Capital Chatter: Who is in charge of Oregon’s democracy?

Published 5:00 pm Thursday, February 16, 2023

“Are ‘we the people’ in charge of the democracy, or are the two parties in charge of the democracy?”

That question, asked by Michael Calcagno during the “Oregon Voters First” virtual town hall meeting on Monday, reflects our state’s populist history. He has a solution, which would go before voters in November 2024.

Led by William S. U’Ren, Oregonians opened the 20th century by embracing direct democracy. Voters established our initiative and referendum system, the right to many elected officials and the direct primary election.

Yet Oregon’s partisan primaries have fallen out of favor as being exclusionary and out-of-touch with modern democracy. Calcagno said Oregon is among only nine states that maintain fully closed primaries; that is, restricted to the political party’s voters and candidates. 

(Oregon’s Republican and Democratic parties could open their primary to others but rarely have done so, despite urging from opinion writers, including yours truly.)

Calcagno went on to say, “And we believe that candidates who win office by partisan primary are incentivized to govern to benefit their supporting special interests, and that undermines liberty and justice for all. It undermines public-interest public policymaking.”

Former state Rep. Marty Wilde, D-Eugene, and other speakers at the Zoom meeting agreed.

Calcagno is the board chair and a chief petitioner for All Oregon Votes, whose proposed constitutional amendment would open the primary election to all candidates and voters regardless of any party affiliation.

That’s it. The details would be left to the Legislature to work out, or someone else’s ballot measure. “If we’re going to be overhauling the system of elections in Oregon, perhaps that should be done in a public process,” Calcagno told me later.

He is focused on the big picture: getting Initiative Petition 16, which he said is about rebalancing power, on the 2024 general election ballot.

“People are frustrated,” he said. “When I go to college campuses and talk with students, there is this sense that the powerful and monied interests that control the nature of our politics don’t care about the needs of the average, common Oregon resident.”

Forty percent of voters were excluded from the 2022 May primary because they were not registered as either D or R. Roughly a third of Oregon’s registered voters are Democrats and a fourth are Republicans.

His theme is that Democrat Tina Kotek and Republican Christine Drazan, who advanced to the November gubernatorial election, were chosen by small slices of the electorate in May. That left most voters choosing between a candidate they didn’t like and a candidate they really didn’t like.
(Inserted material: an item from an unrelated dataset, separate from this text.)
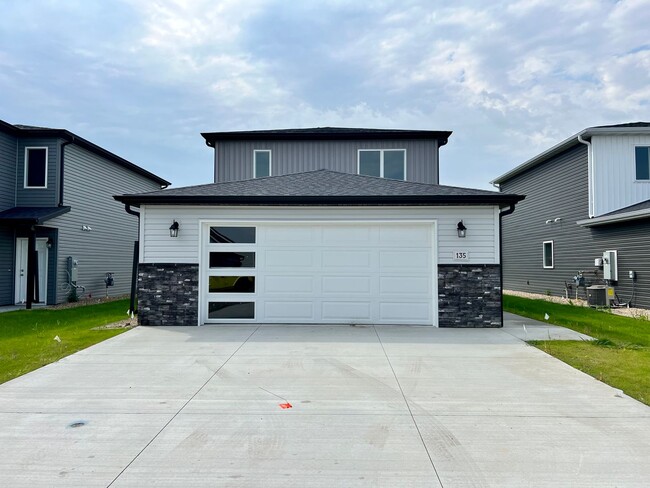Building Photo - 4 Bed | 2 Bath | 2 Stall Garage | Single Family Home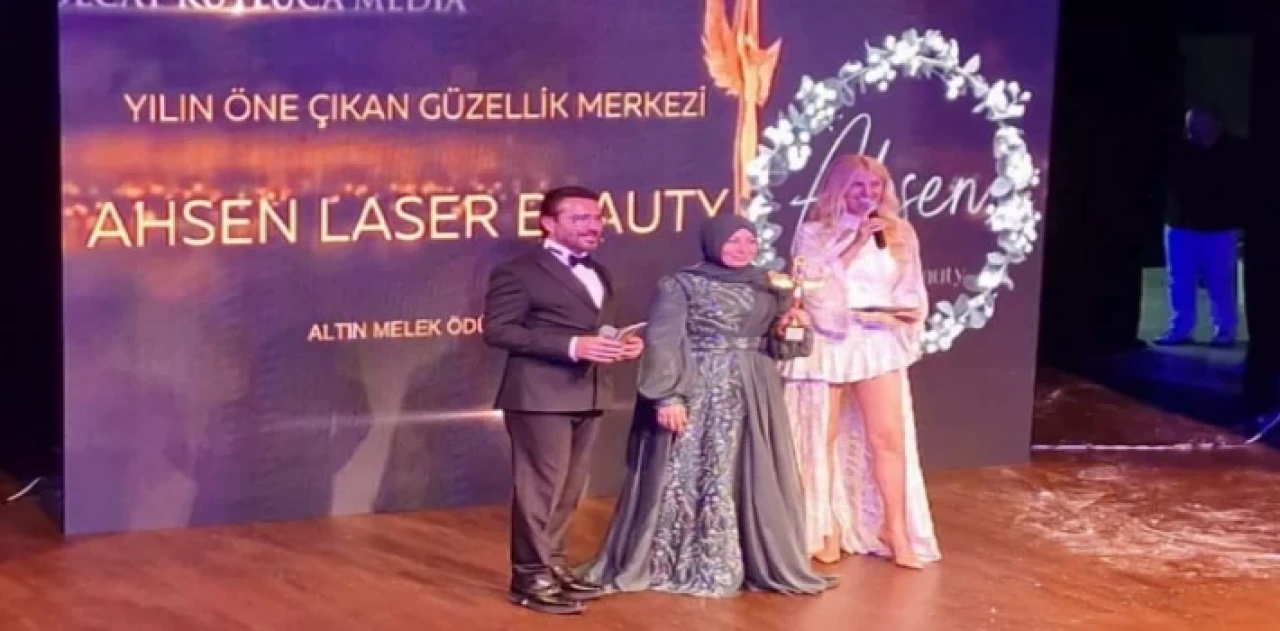 Emine Tunç ”Yılın öne çıkan güzellik merkezi ” ödülünü aldı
Calcagno pointed out that the second-place Democratic finisher in May, State Treasurer Tobias Read, received nearly twice as many votes in his primary as Drazan did in her crowded Republican primary. Yet Read did not advance to the general election.

Under IP 16, the general election could have featured Kotek and Read if there were only two candidates. 

Therein lies what some Oregonians would consider a huge drawback – potentially an all-Democrat finale. On the other hand, is that any different from the all-but-assured Democratic victory that currently exists? Read would have been a more moderate choice than Kotek. 

And for some offices and in some parts of Oregon, there likely would be all-Republican finales.

Ah, but what if there were even more candidates on the general election ballot from whom to choose? Or if you could vote for more than one candidate? And indicate the strength of your preference? 

A different organization, the Oregon Election Reform Coalition, filed IP-19 on Feb. 9. It would create an open primary, shift that election to early August, send the five candidates with the most votes to the general election, and allow ranked choice voting for the general election. It also would move Oregon’s presidential election to the second Tuesday in March.

Previously, proponents of STAR voting filed initiative petitions 11 and 12. In that system, voters would score candidates from zero to five stars. 

Meanwhile, HB 2004 in the 2023 Legislature would use ranked choice voting for federal and statewide offices – but not state representative, state senator or the judiciary – and allow its use for local elections. House Speaker Dan Rayfield, House Majority Leader Julie Fahey and several other Democrats are sponsoring the bill, which is in the House Rules Committee.

“Our elections get a lot more interesting and intriguing and exciting and competitive again when you factor in diverse candidates,” Calcagno said at Monday’s meeting of democracy-reform advocates.